Where your tax dollars will go in 2014.(Insets) John Becker

Where your tax dollars will go in 2014.(Insets) John Becker

ELECTION 2014: Becker promises no tax increase for 2015

Mayoral hopeful wants to improve budgeting transparency in Pitt Meadows, plans to hold a townhall meeting in February

A candidate for Pitt Meadows mayor has pledged to deliver no tax increase in 2015 should he be elected.

A former councillor, John Becker has scoured city budgets for 10 years and sat through many intense budget planning sessions.

“I’ve looked in detail at the 2014 budget and I feel quite confident that we can have a zero increase in city spending for 2015,” he said.

Becker has already booked Heritage Hall for a “Budget 101” town hall meeting, during which residents will be able to quiz council and staff about spending and share ideas.

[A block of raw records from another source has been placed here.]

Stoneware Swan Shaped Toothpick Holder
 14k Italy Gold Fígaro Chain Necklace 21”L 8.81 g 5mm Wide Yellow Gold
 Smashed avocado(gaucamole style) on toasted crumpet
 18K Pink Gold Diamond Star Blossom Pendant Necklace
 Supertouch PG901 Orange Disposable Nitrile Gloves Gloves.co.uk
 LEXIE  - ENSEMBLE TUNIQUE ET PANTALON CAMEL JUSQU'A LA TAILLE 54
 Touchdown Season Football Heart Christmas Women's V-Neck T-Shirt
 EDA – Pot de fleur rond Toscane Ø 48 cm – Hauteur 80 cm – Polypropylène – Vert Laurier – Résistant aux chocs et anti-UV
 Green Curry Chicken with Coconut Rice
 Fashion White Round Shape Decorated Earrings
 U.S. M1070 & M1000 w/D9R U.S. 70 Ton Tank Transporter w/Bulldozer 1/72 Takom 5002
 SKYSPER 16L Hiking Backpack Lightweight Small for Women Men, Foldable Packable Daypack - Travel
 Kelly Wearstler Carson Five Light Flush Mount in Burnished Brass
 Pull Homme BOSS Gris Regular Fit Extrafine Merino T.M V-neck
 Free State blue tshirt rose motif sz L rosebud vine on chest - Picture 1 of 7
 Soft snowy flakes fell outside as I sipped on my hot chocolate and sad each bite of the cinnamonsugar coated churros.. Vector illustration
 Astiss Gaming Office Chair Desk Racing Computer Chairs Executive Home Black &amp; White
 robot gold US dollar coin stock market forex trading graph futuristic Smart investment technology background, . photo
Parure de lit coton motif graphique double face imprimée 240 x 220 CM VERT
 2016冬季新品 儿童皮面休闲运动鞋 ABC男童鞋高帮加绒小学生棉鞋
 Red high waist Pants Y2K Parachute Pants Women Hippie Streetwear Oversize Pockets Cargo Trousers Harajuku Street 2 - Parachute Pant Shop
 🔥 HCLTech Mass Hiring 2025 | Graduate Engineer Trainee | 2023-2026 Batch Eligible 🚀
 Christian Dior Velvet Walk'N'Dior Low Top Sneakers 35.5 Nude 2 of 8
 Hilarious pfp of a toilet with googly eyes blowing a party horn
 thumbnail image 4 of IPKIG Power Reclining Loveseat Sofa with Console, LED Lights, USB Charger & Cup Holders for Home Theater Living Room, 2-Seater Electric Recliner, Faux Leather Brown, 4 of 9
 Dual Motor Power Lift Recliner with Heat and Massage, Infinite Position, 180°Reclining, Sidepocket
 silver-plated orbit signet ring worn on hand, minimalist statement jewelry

Becker assures the town hall will take place on Feb. 19, should he win or lose.

“If I don’t get in, I will turn the format and my ideas over to whoever does get in,” said Becker.

He won’t ask to be reimbursed for the hall rental fee as long as his rivals honour the principles of empowering taxpayers with information.

“People may not want to vote for the messenger, but they do seem to like the message,” Becker added.

Seemingly endless tax increases have been an issue for Pitt Meadows residents for the several years.

The late Tom Murray spearheaded two petitions in the past two years, each calling for no residential tax increases.

More than a 1,000 people signed the petition each time, prompting city hall to prepare two budget scenarios for 2014 – one with no tax increase and a second with an increase of 1.9 per cent.

Becker ran on a platform of “zero-based budgeting” in 2011 and has discussed the city’s current financial landscape with three incumbent councillors – Janis Elkerton, Bruce Bell and David Murray, who have all endorsed him for mayor.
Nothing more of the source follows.